This blogging thing in Zambia is hard because there is so much to share and yet I know that I share a lot and have a long blog, then you will not read it. But if I do a short blog, then I leave out important parts. And, if I space it out and do it over multiple days, then I forget what it is that I experienced. So, I don't know what to do.
I think I will just start and see where it goes. In no order, here goes me:
- This morning I took one of my guards home, Daka. He has a wife, two kids and he rents a small house in the Garden compound. He works from 5pm to 7 am, goes home, sleeps, wakes up at 12:00pm and eats. He goes to construction school from 1pm-4pm and then works again from 5pm to 7am... He works two weeks of nights and then gets a weeks off from work. I met his two kids and wife in their little two room house.
- On the way there, I saw a person carrying two water jugs, one in each arm. And then I saw a woman, waiting for cars to pass before she carried her water jug. I saw different ladies with water jugs on their heads. And my appreciation and contentment in our water situation hit an all-time high. Most of the houses (I want to say all) in the compound do not have running water or a toilet. They share water and they share toilets. And so to get your water you need to wait in line, carry it a long distance, and then build a fire to boil it, if you actually do boil it. Yesterday in the school, we watched as a teacher taught her fourth grade class about water-borne diseases in the water. Please, do me a favor. Go to your faucet, turn it on and drink some water. You are among one of the precious few in the whole world that can do it.

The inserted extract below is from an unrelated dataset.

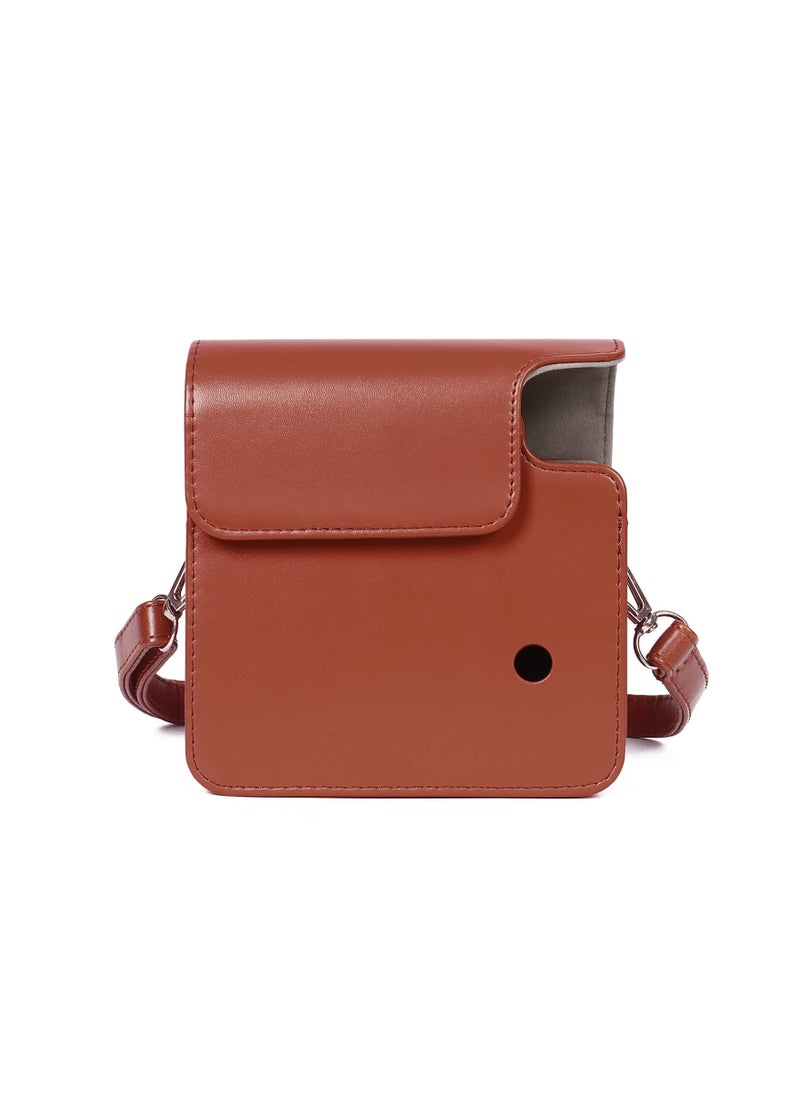 KASTWAVE - KASTWAVE Square SQ1 Case - Protective Case for Fujifilm Instax Square SQ1 Instant Camera - PU Leather Cover with Adjustable Shoulder Strap - Orange Brown - Image 1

- I am preaching on Sunday and so because time is busy, I took a previous sermon and used it. But looking at a sermon in the context of the culture of Africa destroyed my sermon. Words, illustrations, thoughts, assumptions - goodbye. I asked a Zambian friend yesterday about how to preach to Zambians. He gave me some good thoughts, but especially in using the native tongue... Whenever you speak a word of Nyanga, they always follow what is next. So, here are a few words... Mwauka Bwanji is "good morning". (I am opening with this one:) Then Dzikomo Kutilandila! -(thank you for welcoming us.) I am teaching on the parable of the sower, and so I got a few more key words... Mau a Mulungu (the word of God)... Since fruit is a bit important in this parable from Mark 4, I have two phrases:
No dzipatso is chaipa! (no fruit is bad)Lots of dzipatso is chabwino! )(Lots of fruit is good!) I appreciate your prayers for my first Zambian sermon. It is supposed to be 95 degrees on Sunday in a small, hot, ventilation free enclave... Please also pray for my kids!
- We went to a grand opening of a new library. It was for a street kids drop in centre, but apparently it was a bigger deal than I thought it would be. The first Republican president of Zambia was there, the US ambassador, and many high government officials. They read a letter from Barbara Bush. We got there at 9:00am but it started at 10:30am.... Zambian Time!!!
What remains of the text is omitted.